Dans le cadre du projet labellisé par le conseil scientifique de la MSHB : Étude pluridisciplinaire des effets du modèle contemporain du mourir
Le retour de la mort au sein de l’hôpital a vu surgir des pratiques qui font « avec » la mort. Le discours contemporain sur la fin de vie marqué par une médicalisation croissante de la mort n’est pas sans incidence sur les pratiques soignantes ainsi que sur les sujets qui sont pris dans ce discours. Sans amplifier ou dénoncer cette influence, il est néanmoins légitime de se demander si l’accompagnement de fin de vie ne se fait pas selon un modèle où prédominerait le discours médical, conduisant à une tentative de normalisation du mourir. Quelle place resterait-il alors à ce qui constitue le plus particulier de chacun ?
Répondre à ces questions suppose d’interroger la notion de sujet, les modalités de sa constitution, ses déterminations, la façon dont il se situe par rapport au discours et aux normes mais aussi ses liens avec ce que la psychanalyse appelle le sujet de l’inconscient. Cela implique de poser la distinction du concept de sujet d’avec les notions d’individu, de personnalité, de subjectivité ou encore de substance ou de sujet de la connaissance.

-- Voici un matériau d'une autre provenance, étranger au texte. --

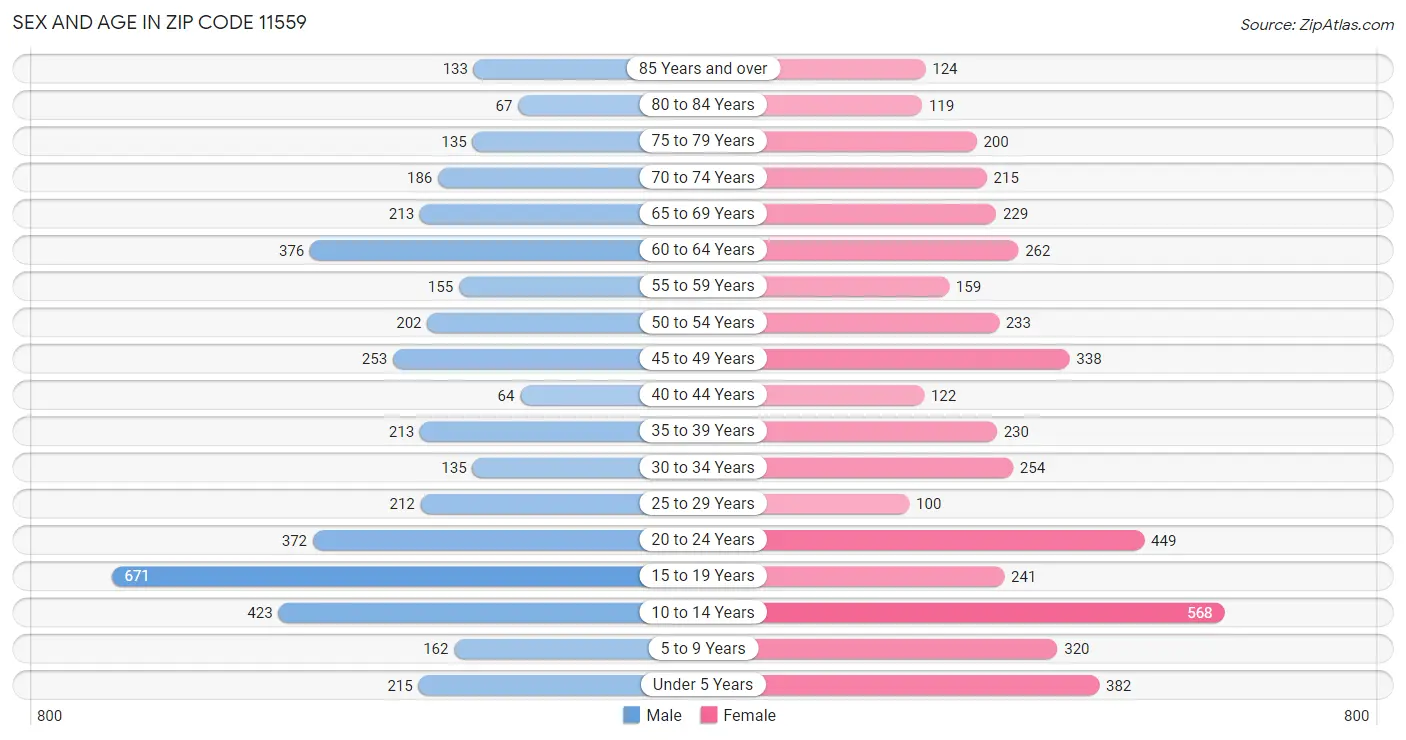 Sex and Age in Zip Code 11559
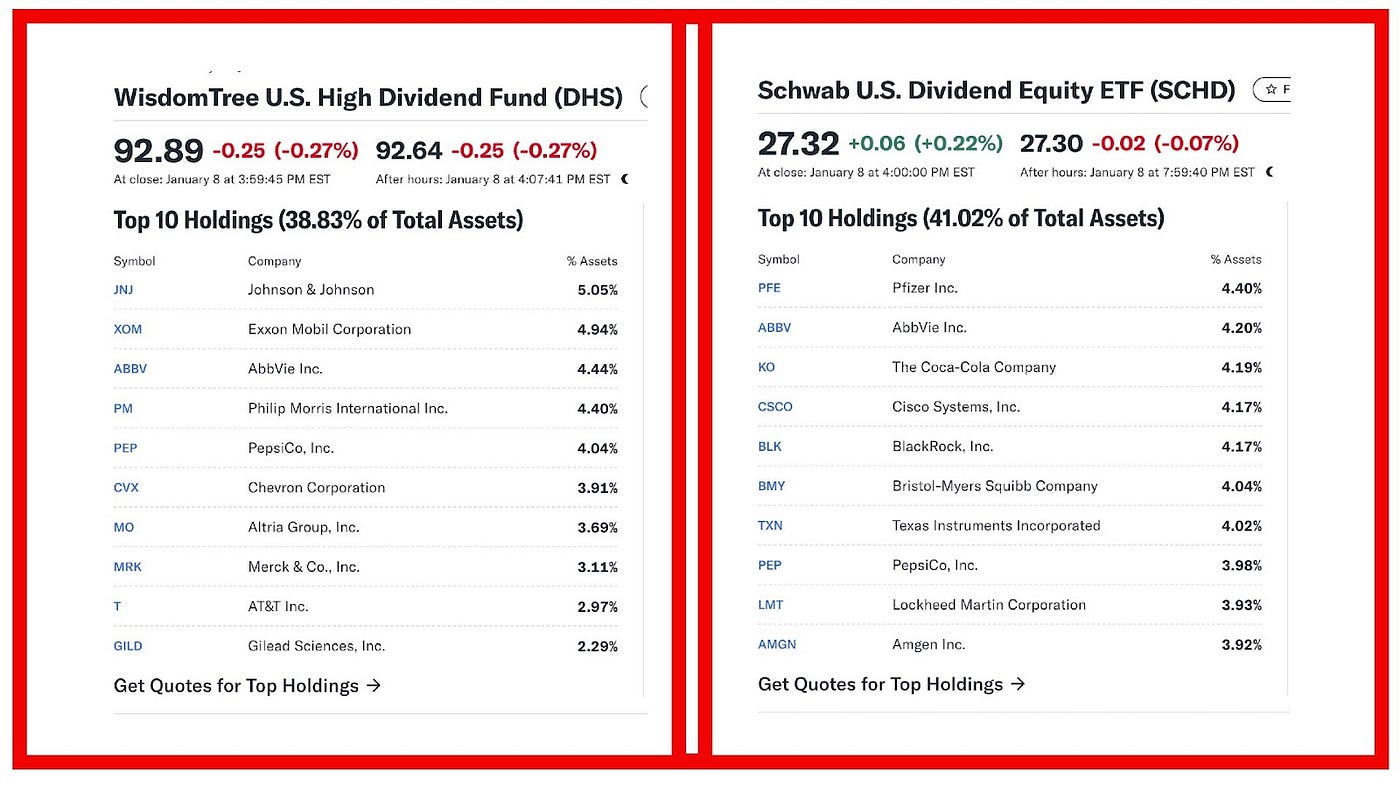 dsip vs dividend ef Dividend ETFs vs. Dividend Stocks: Can You Perform Better Than the Pros? |  by Joshua King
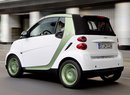 Fortwo electric drive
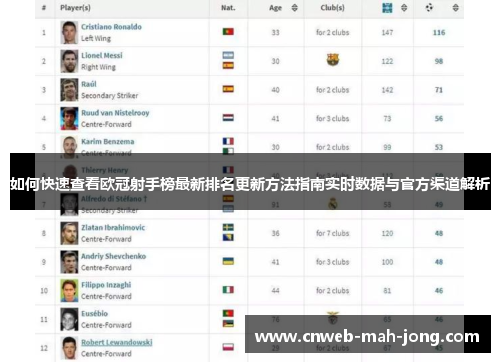 如何快速查看欧冠射手榜最新排名更新方法指南实时数据与官方渠道解析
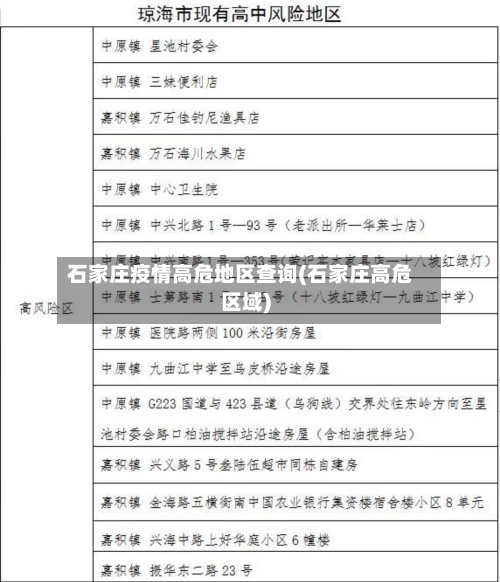 石家庄疫情高危地区查询(石家庄高危区域)-第2张图片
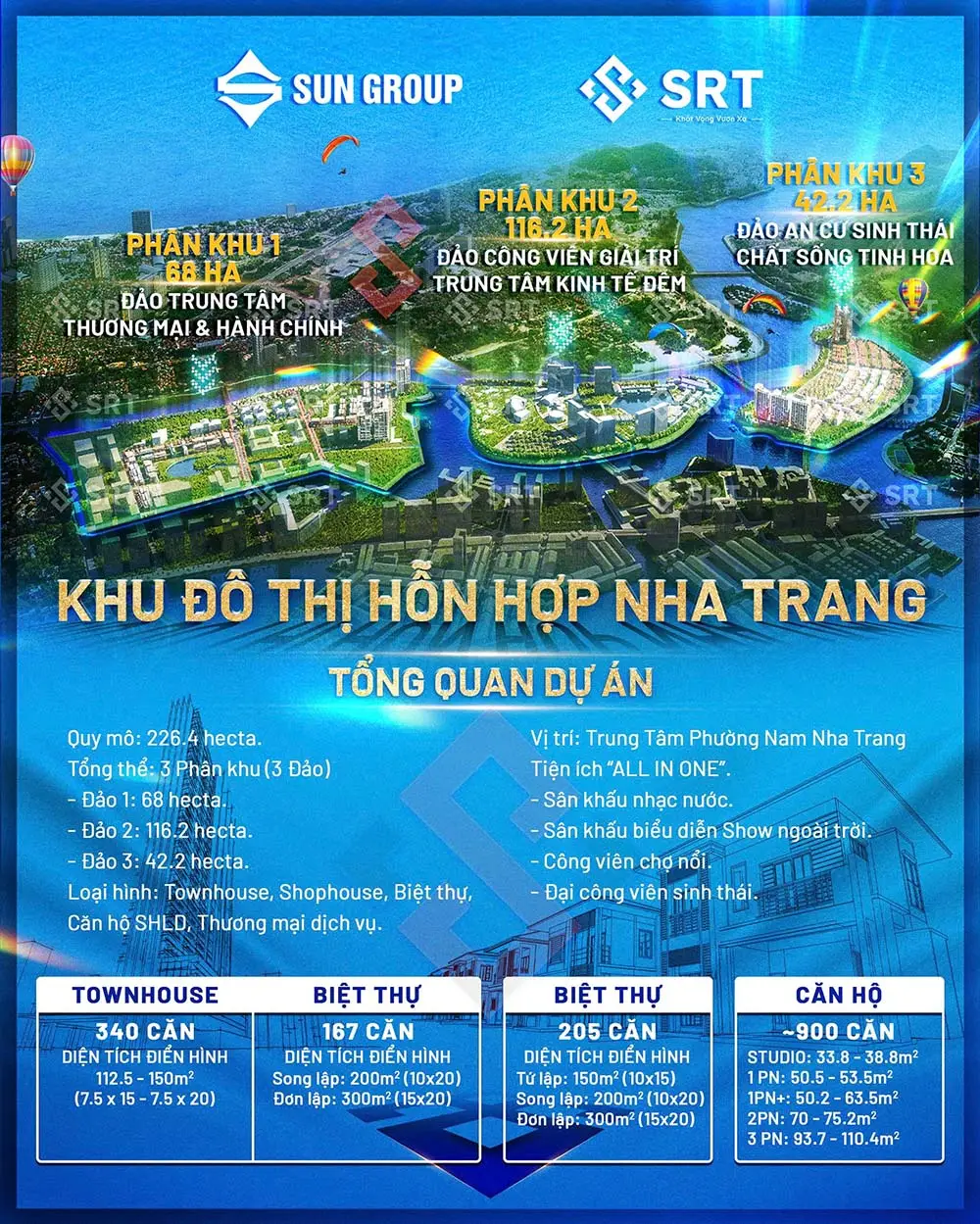 Quy hoạch tổng thể dự án Sun Group Nha Trang 226ha mới nhất.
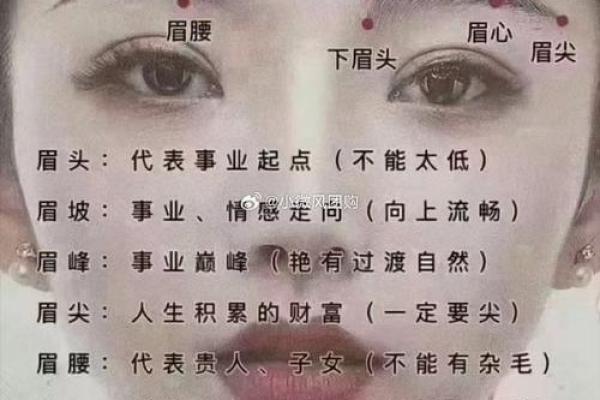 男士风水眉，男士风水眉文案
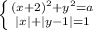 \left \{ {{(x+2)^2+y^2=a} \atop {|x|+|y-1|=1}} \right.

Il semble désormais possible de soutenir que l’un des enjeux des pratiques cliniques en fin de vie réside d’une part, dans la place accordée au sujet et d’autre part, consiste à soutenir dans le dispositif hospitalier une définition de la vie, et de la mort, faite de réalités multiples irréductible à un processus prédictible standardisé.
A la lumière de différents champs disciplinaires - médecine, philosophie, sociologie, psychologie clinique, psychanalyse – cette journée est l’occasion d’interroger les pratiques cliniques et de proposer une réflexion autour de la méthodologie pluridisciplinaire de recherche.
Elle s’adresse aux étudiants, chercheurs et professionnels de santé concernés par la réflexion sur la fin de vie.